─── Information given ───

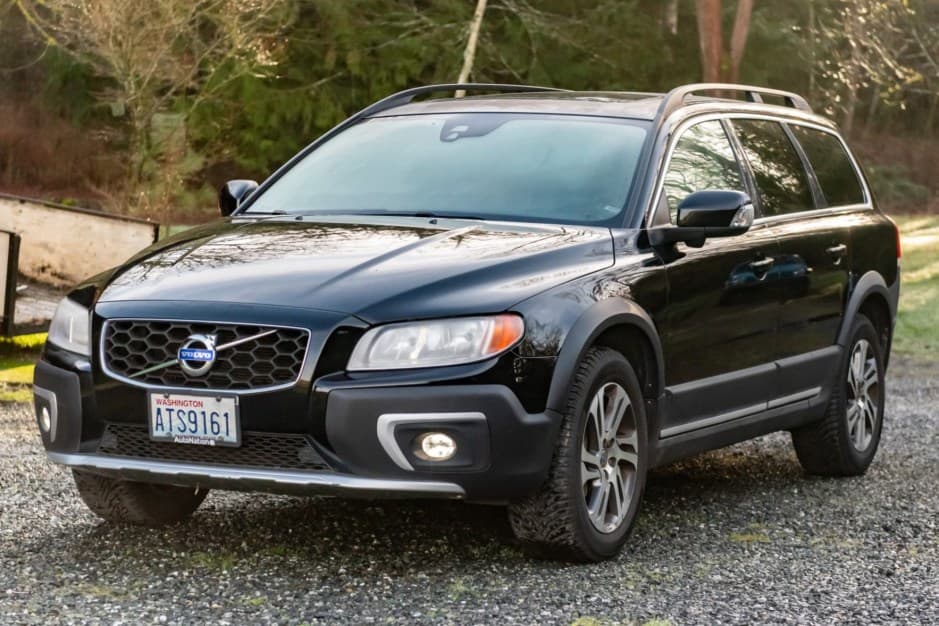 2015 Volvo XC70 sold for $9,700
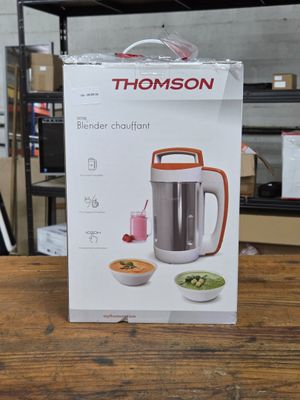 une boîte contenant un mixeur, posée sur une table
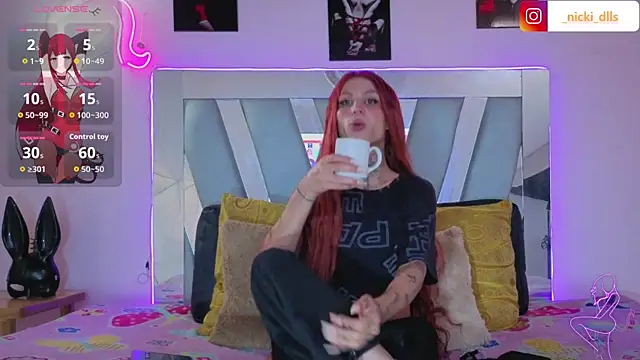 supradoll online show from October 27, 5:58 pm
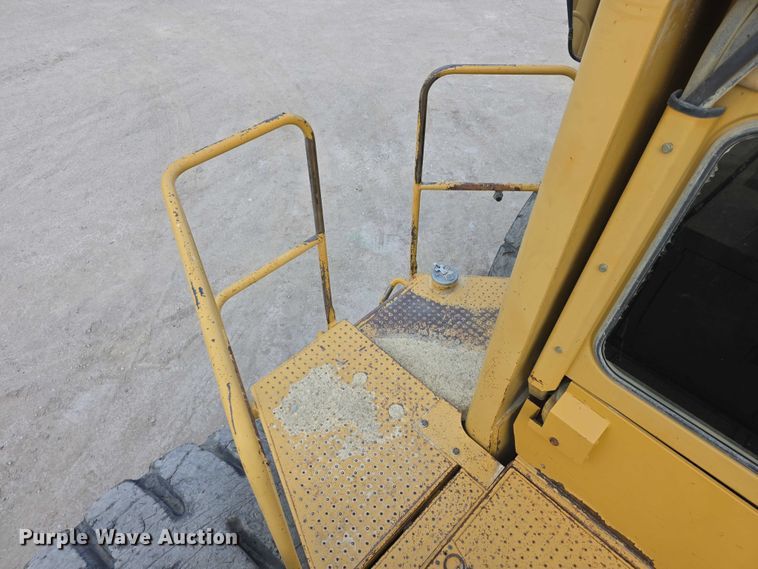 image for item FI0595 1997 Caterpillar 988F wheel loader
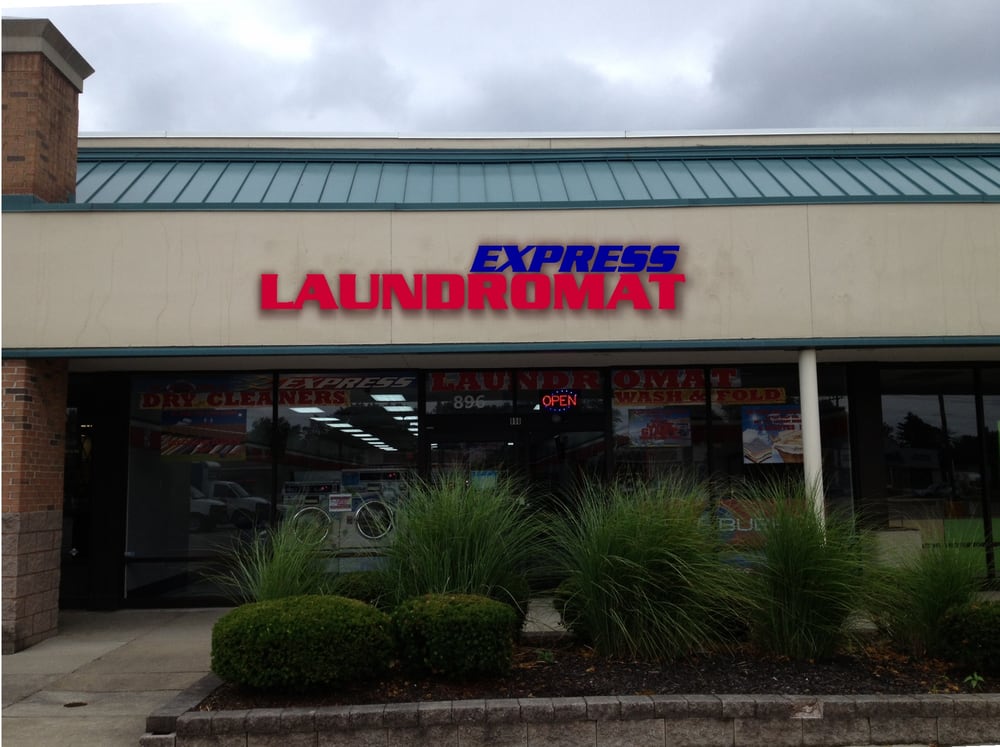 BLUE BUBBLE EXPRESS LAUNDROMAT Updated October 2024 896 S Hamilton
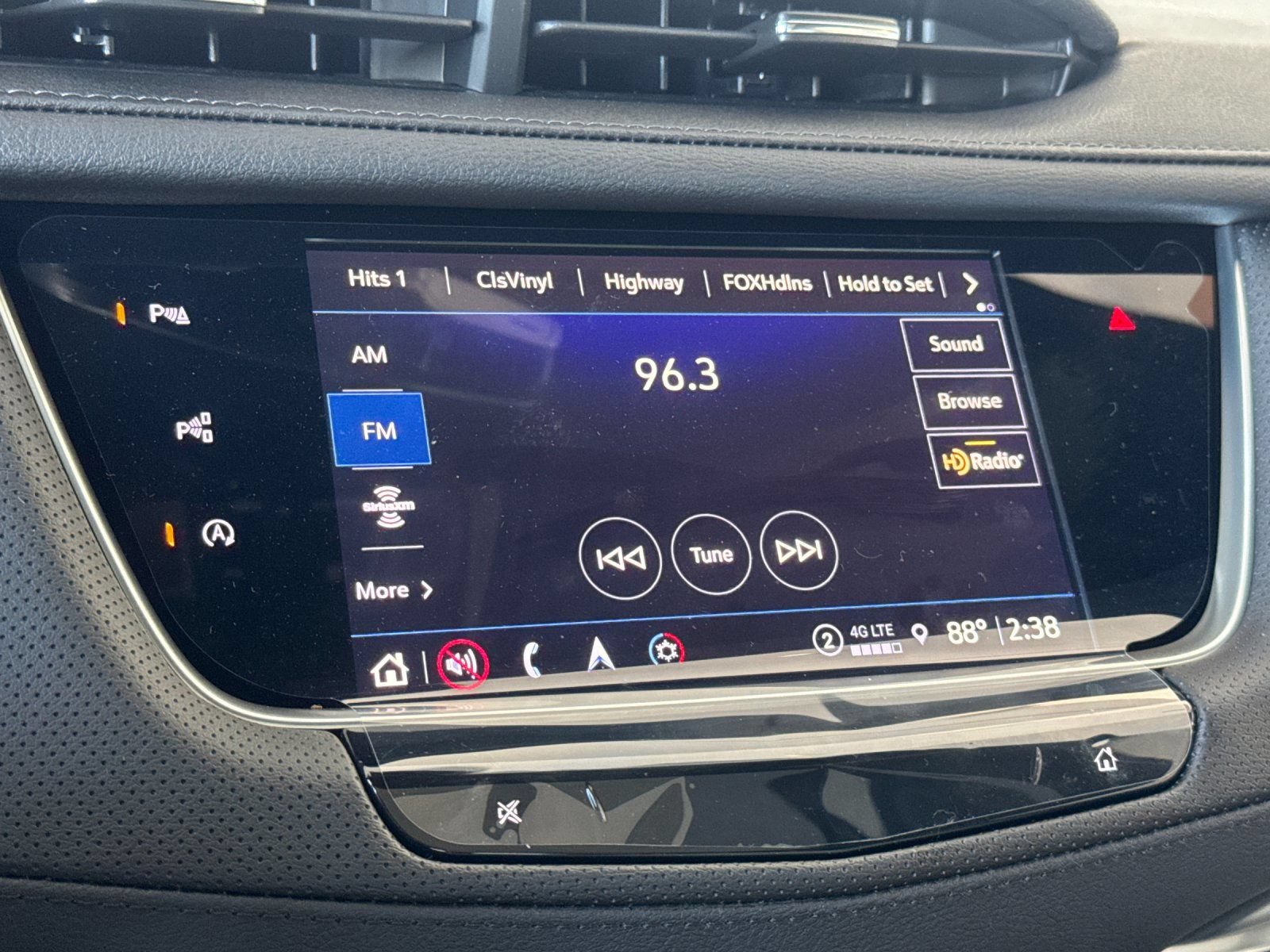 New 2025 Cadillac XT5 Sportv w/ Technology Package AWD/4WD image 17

───

> _Task objective_:
The listing above must be given again exactly, minus its pictures.

> _Finished exercise_:
 2015 Volvo XC70 sold for $9,700
 une boîte contenant un mixeur, posée sur une table
 supradoll online show from October 27, 5:58 pm
 image for item FI0595 1997 Caterpillar 988F wheel loader
 BLUE BUBBLE EXPRESS LAUNDROMAT Updated October 2024 896 S Hamilton
 New 2025 Cadillac XT5 Sportv w/ Technology Package AWD/4WD image 17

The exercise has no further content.